JL: The office remained open and staffed (physically and remotely) and our work continued unimpeded. There were some adjustments, such as increased email communication, phone or webinar meetings in lieu of in-person gatherings, and information webinars replaced on-site public seminars. Really, the biggest change going forward will be a focus on virtual meetings. As a result, the Foundation has been actively promoting this technology and its use to conduct public information webinars, such as Wills Seminars, that are free to parishes, schools and agencies.
Being new to North Carolina, has anything surprised or inspired you about the diocese?
JL: I’m inspired by the enormous untapped potential of generous benefactors and the charitable works of the diocesan ministries. The Foundation hopes to serve as a legitimate advocate for the good work provided by diocesan ministries and a conduit to people who desire but may not know how to partner with those life-giving efforts.

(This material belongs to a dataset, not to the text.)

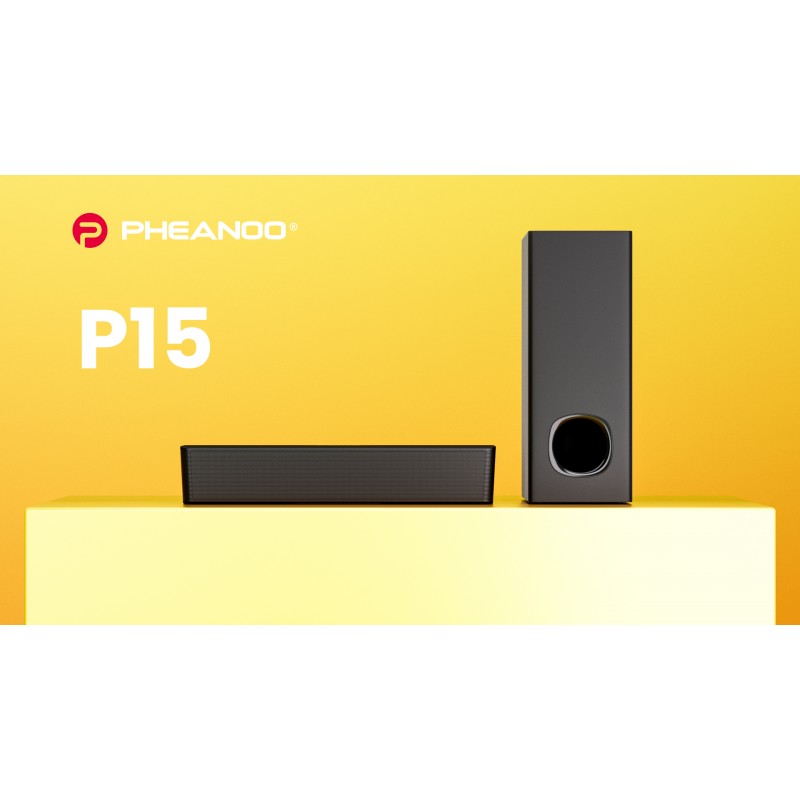 PHEANOO 2.1 TV용 컴팩트 사운드바(서브우퍼 포함), HDMI ARC/블루투스 5.0/광학/AUX/RCA 연결, 리모컨, 조절 가능한 베이스, 벽걸이형 - P15, 140W, 16인치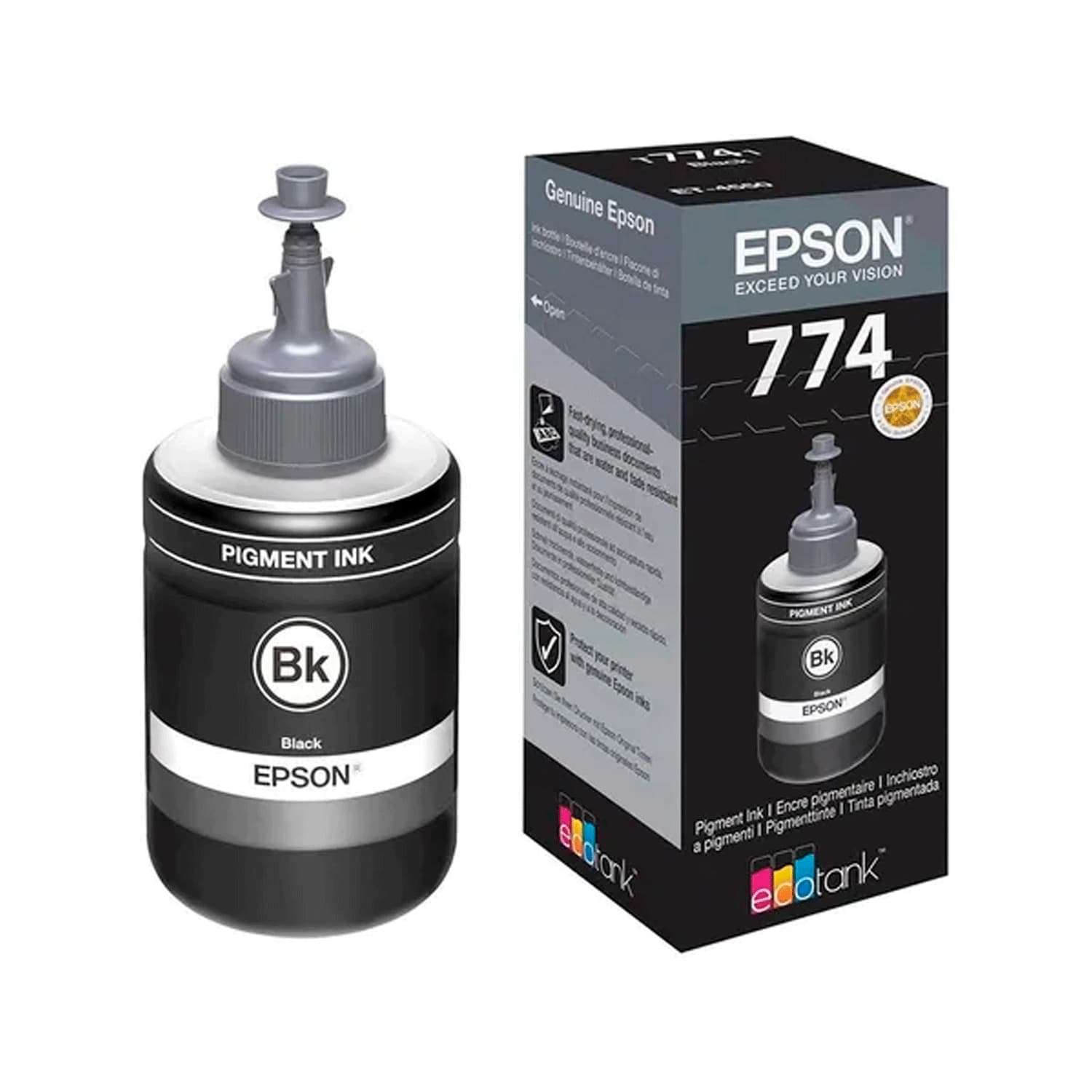 Botella de Tinta Epson 774 Negra · Epson · Botella de tinta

Have you had any particularly notable meetings/interactions with people in the diocese?
JL: With over 4,100 miles of travel throughout the diocese since last June, I’ve participated in numerous individual and group meetings. A visit to Belmont Abbey and subsequent lunch with three seminarians was certainly a highlight. Honestly, being new to North Carolina, all of my trips have been exciting and noteworthy … from downtown Raleigh to New Bern; from Ft. Bragg in Fayetteville to Jacksonville and Havelock, from Durham and Chapel Hill to Newton Grove and visiting the graves of Dr. Monk, Bishop Waters and Bishop Gossman. The Catholic history of North Carolina and specifically our 54 counties continues to fascinate me.